Navajo-Hopi Nations,Flagstaff & Winslow News
Thu, Oct. 28

Letter: Who is watching the Navajo Nation house?

To the editor:

Recently there has been lots of talk about Navajo Transitional Energy Co.’s (NTEC) new coal mine purchases. The question Navajo leadership has to ask is, who is watching the Navajo house?

The Nation put the Navajo people’s money into NTEC and getting it started. With BHP leaving the coal business on Navajo Nation, the tribe took a step in supporting a coal agreement that would benefit the tribe up until 2031. Early on, coal miners and the tribe knew the deal was solid between the APS plant and NTEC.

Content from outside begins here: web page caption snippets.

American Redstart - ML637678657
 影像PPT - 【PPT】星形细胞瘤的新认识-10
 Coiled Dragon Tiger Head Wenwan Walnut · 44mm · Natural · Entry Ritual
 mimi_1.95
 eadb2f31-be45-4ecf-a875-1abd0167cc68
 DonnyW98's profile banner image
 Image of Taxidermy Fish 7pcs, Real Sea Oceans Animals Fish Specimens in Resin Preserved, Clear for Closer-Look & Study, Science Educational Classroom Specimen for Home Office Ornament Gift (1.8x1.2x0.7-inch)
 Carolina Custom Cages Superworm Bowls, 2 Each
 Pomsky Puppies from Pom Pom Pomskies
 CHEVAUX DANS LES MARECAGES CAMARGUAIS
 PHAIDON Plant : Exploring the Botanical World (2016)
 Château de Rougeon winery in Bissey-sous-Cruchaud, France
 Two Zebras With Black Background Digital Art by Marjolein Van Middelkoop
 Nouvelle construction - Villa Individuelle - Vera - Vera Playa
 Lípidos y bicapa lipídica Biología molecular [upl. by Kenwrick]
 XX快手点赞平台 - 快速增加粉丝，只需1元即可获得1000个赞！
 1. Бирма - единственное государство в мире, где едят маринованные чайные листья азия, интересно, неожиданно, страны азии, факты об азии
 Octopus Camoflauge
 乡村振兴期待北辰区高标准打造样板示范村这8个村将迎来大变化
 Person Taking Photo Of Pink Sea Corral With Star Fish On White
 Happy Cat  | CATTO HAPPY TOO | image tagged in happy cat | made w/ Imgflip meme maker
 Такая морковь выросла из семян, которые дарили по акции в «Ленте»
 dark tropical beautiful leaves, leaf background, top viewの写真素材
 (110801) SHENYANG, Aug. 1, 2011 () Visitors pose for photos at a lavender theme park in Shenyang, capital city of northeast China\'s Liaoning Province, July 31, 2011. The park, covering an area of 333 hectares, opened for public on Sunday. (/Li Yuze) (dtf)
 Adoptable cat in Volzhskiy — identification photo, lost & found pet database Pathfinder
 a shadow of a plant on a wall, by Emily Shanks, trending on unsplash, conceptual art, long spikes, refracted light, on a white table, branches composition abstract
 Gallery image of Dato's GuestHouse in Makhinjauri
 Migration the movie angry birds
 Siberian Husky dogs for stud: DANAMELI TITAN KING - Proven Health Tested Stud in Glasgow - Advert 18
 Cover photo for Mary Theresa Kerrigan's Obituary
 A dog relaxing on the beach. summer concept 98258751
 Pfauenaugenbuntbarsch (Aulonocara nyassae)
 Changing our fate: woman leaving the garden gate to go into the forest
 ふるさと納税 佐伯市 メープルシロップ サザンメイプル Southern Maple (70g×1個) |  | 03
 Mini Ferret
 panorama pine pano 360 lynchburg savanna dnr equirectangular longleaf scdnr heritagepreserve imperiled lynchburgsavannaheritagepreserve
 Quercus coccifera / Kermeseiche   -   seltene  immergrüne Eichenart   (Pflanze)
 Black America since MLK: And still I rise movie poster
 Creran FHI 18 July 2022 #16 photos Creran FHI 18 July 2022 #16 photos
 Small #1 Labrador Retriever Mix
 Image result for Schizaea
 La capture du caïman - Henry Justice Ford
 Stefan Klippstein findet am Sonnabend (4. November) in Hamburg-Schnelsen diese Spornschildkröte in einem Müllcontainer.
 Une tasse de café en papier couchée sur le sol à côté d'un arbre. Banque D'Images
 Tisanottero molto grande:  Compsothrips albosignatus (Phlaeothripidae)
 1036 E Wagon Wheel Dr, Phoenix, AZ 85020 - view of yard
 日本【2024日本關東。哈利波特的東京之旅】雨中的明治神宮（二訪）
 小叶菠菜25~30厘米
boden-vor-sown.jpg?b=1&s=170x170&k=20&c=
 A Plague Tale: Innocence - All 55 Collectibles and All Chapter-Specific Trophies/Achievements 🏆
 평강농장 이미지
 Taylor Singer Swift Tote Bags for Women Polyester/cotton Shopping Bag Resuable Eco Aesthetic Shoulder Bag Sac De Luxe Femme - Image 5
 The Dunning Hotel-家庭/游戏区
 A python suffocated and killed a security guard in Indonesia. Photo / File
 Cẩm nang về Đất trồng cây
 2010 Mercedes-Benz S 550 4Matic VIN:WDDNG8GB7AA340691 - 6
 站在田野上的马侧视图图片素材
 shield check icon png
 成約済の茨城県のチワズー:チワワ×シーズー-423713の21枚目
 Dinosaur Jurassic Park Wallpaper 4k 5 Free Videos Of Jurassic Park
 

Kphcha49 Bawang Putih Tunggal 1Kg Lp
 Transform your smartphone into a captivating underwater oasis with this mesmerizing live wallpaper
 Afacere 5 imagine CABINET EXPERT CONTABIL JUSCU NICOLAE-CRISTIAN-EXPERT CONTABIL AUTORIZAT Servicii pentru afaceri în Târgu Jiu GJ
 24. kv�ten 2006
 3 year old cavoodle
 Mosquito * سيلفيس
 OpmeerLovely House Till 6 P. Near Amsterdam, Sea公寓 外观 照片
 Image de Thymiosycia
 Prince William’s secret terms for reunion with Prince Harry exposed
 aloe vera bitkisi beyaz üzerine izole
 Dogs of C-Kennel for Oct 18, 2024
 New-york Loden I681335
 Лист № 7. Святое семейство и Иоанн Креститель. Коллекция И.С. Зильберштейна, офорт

All that has changed with the purchase of the new mines in Wyoming and Montana. The NTEC headquarters office is now located out of Denver. The finance office from Navajo mine (Navajo money) has now moved to Wyoming. It’s clear a weak board oversight allowed this to happen.

Is this really what the Navajo Nation wanted and intended when they created NTEC? Who is watching the Navajo house and non-Navajo managers’ decisions?

Our Navajo chapters were informed that all support they will be getting will come from the Wyoming procurement offices, which now administers all of NTEC funds. The hiring of any and all new employees is done out of Wyoming. Potential Navajo employees will never benefit?

Experts say those mines in Wyoming and Montana coming out of bankruptcy will take several years to be profitable. Estimates by watchdogs say that if all goes well, the bankrupt Wyoming/Montana coal mines could start to make a profit in four years.

NTEC has never shown the tribe what the profit of those mines in Wyoming and Montana will be. The question is ‘as those mines come out of bankruptcy, who is covering those costs?’

It’s clear in the NTEC’s case that it will have to be another source. Outside experts say it is Navajo revenue from Navajo mine that will have to carry those Wyoming/Montana mines.

This is what happens when you don’t watch the house and allow a non-Navajo CEO and his managers to determine what is best for Navajo. On behalf of the Navajo people, we ask, ‘What now?’ to Navajo Nation leadership.